Mr Fehlauer, the DEKRA Road Safety Report 2018, which will be published in June, deals with freight transport. How do you rate the current level of traffic safety in this area?
If we look to Europe, the trend of recent years points in the right direction. Commercial vehicles are becoming safer, and the number of serious accidents is declining, with increasing traffic density. However, there is no reason to rest on our laurels. The fact is: Especially heavy trucks accidents can result in serious, even fatal, injuries.
What role do modern driver assistance systems play in this context?
Much has already been achieved in recent years. Modern emergency brake assistants can prevent many of the worst accidents, for example driving up on a traffic jam end. However, the potential must be exploited even more efficiently. These are issues such as the market penetration of security systems, their disconnectability, as well as how drivers are informed about the effects and limitations of these systems.

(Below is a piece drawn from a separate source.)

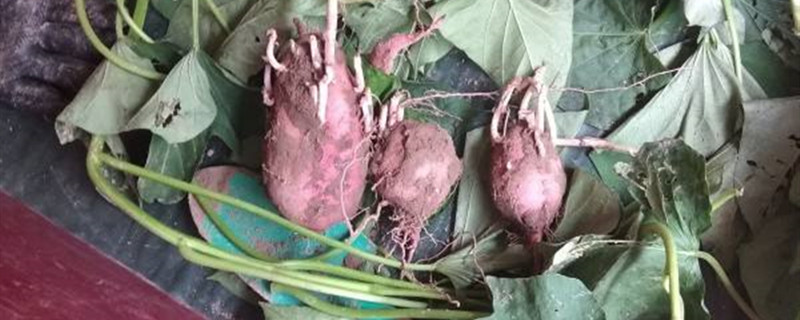 种植红薯共浇几次水 种红薯需要每天浇水吗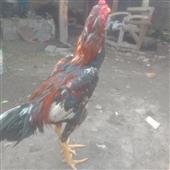 Sò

What other starting points do you see to improve traffic safety in the commercial vehicle sector?
We have to take actions at all levels: the vehicles have to be safe, which means, among other things, that their technical condition has to be checked independently on a regular basis. The infrastructure must be as secure as possible. But the human factor also plays a key role. The best safety systems are useless if the driver does not use them. And that applies not only to modern electronic systems, but also to supposedly well-known things like the safety belt.
Jann Fehlauer will join other transport leaders from across the globe for the ITF 2018 Summit on “Transport Safety and Security” in Leipzig, Germany held from 23 to 25 May. Find out more…
Laurent Troger, President of Bombardier Transportation, talks about the impact of digitization on the safety and security of rail and associated costs, harmonisation of technical and legal standards, and industry risks.
“We always put safety first, no exceptions. Now more than ever we believe that our relentless evolution of technical safety is a vital prerequisite for successful mobility solutions. Digitalization is a key enabler to safety standards in the transportation industry. This is for the benefit of rail operators, passengers and society”, Laurent Troger.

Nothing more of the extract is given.